Work to complete: What follows is a set of records. Retype them exactly, leaving out the pictures.

Input data:
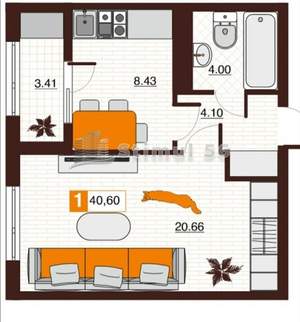 1-к квартира, вторичка, 41м2, 2/17 этаж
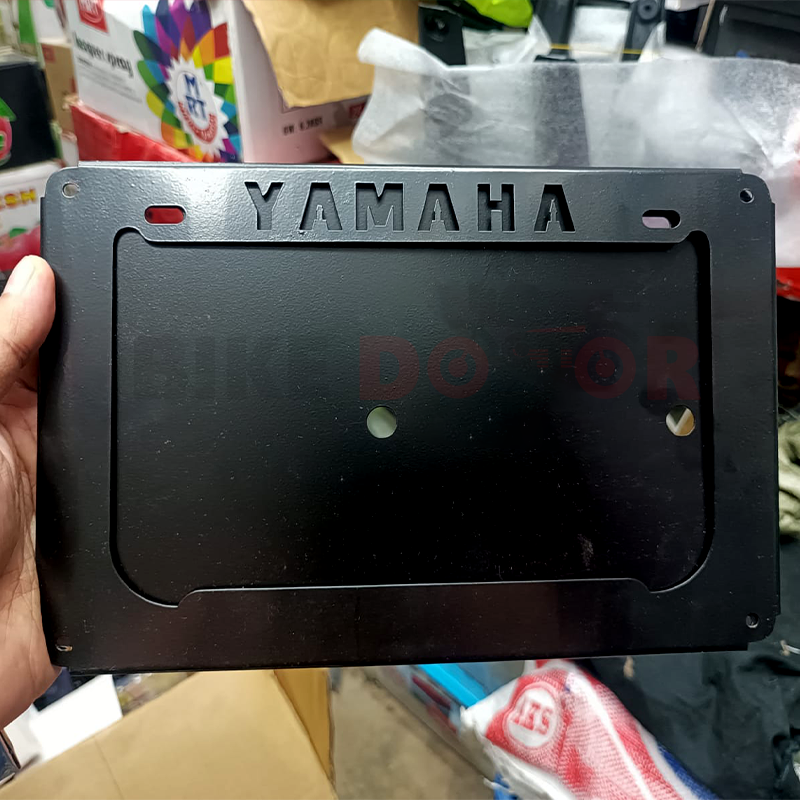 Yamaha Branded Metal Digital Box Type Registration Number Plate Holder Black 1 Piece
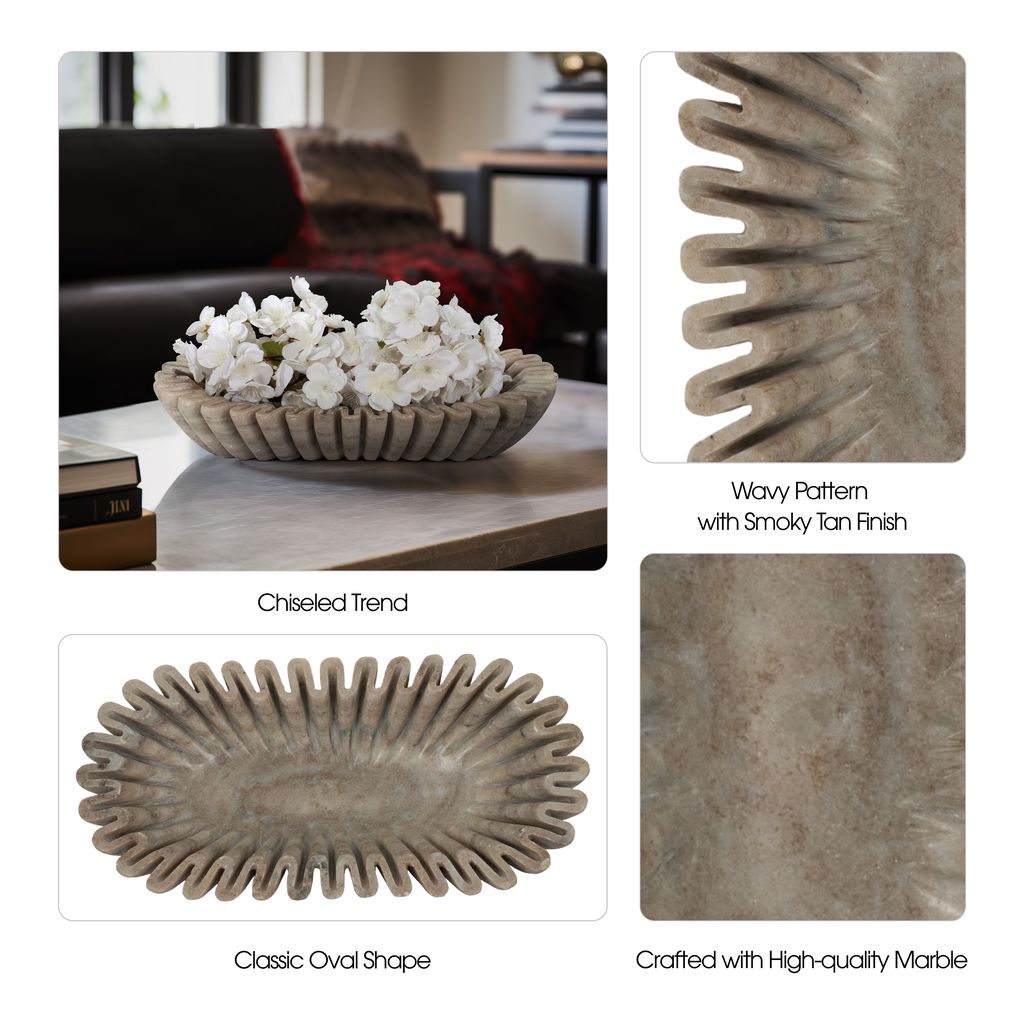 16" ARKIN WAVY MARBLE BOWL, TAN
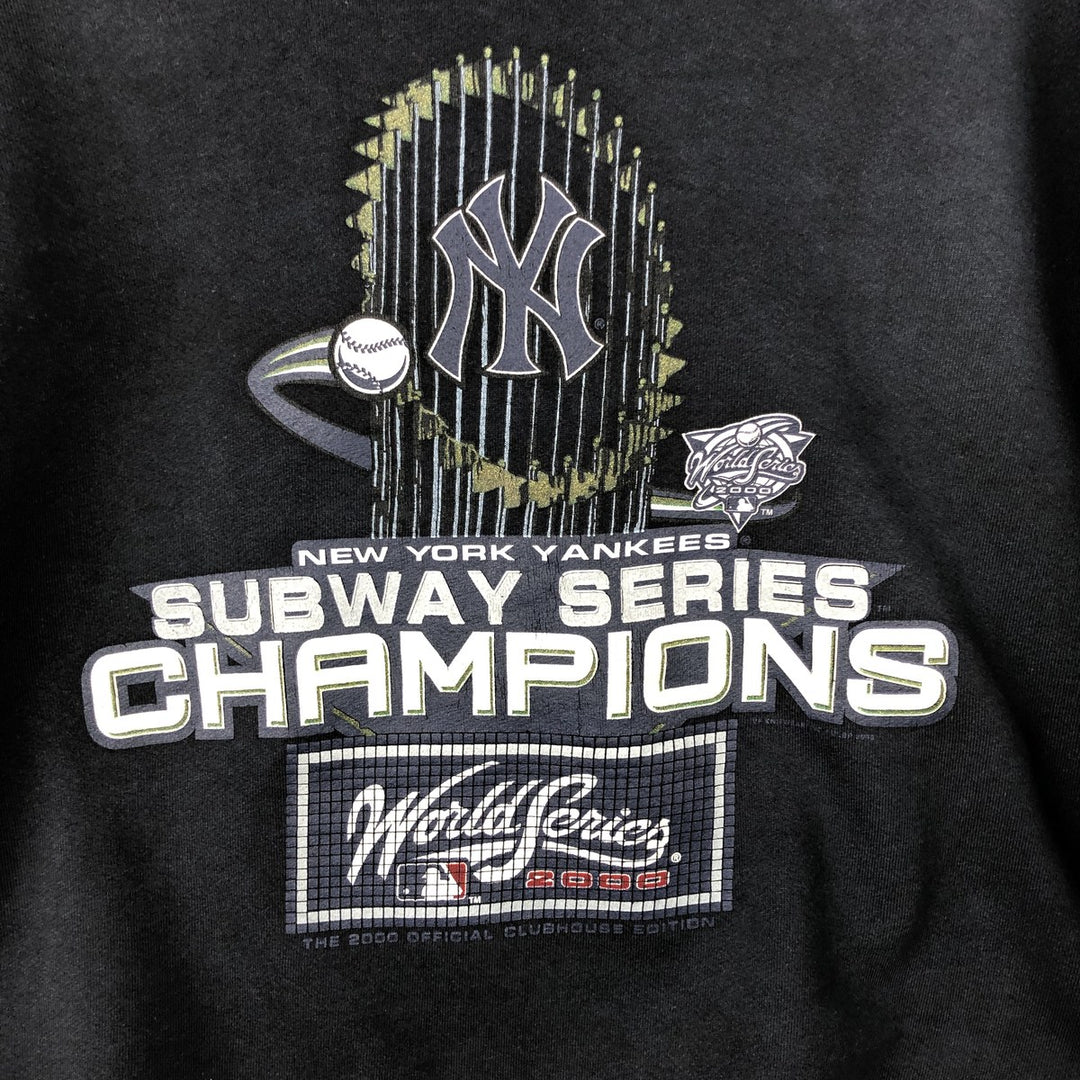 2000'S Fruit of the Loom MLB New York Yankees Print Sweatshirt, Men's Size XL cotton black type Vintage Second Hand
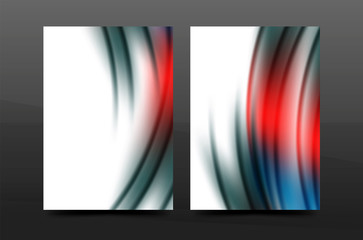 Wave pattern annual report business cover design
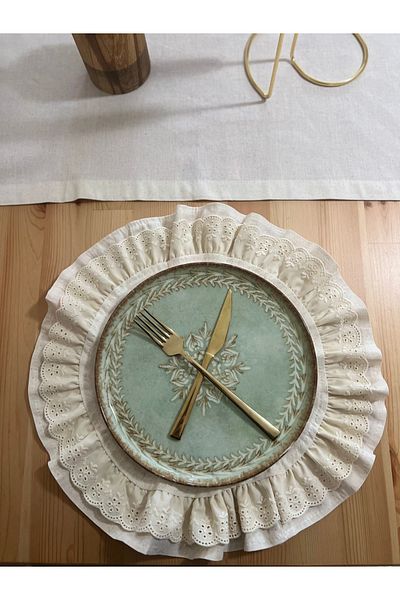 eyma home 100% βαμβακερό ακατέργαστο λινό Πλάκα με βολάν με λεπτομέρεια έλαιο (6 τεμ.)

Reply to the exercise:
 1-к квартира, вторичка, 41м2, 2/17 этаж
 Yamaha Branded Metal Digital Box Type Registration Number Plate Holder Black 1 Piece
 16" ARKIN WAVY MARBLE BOWL, TAN
 2000'S Fruit of the Loom MLB New York Yankees Print Sweatshirt, Men's Size XL cotton black type Vintage Second Hand
 Wave pattern annual report business cover design
 eyma home 100% βαμβακερό ακατέργαστο λινό Πλάκα με βολάν με λεπτομέρεια έλαιο (6 τεμ.)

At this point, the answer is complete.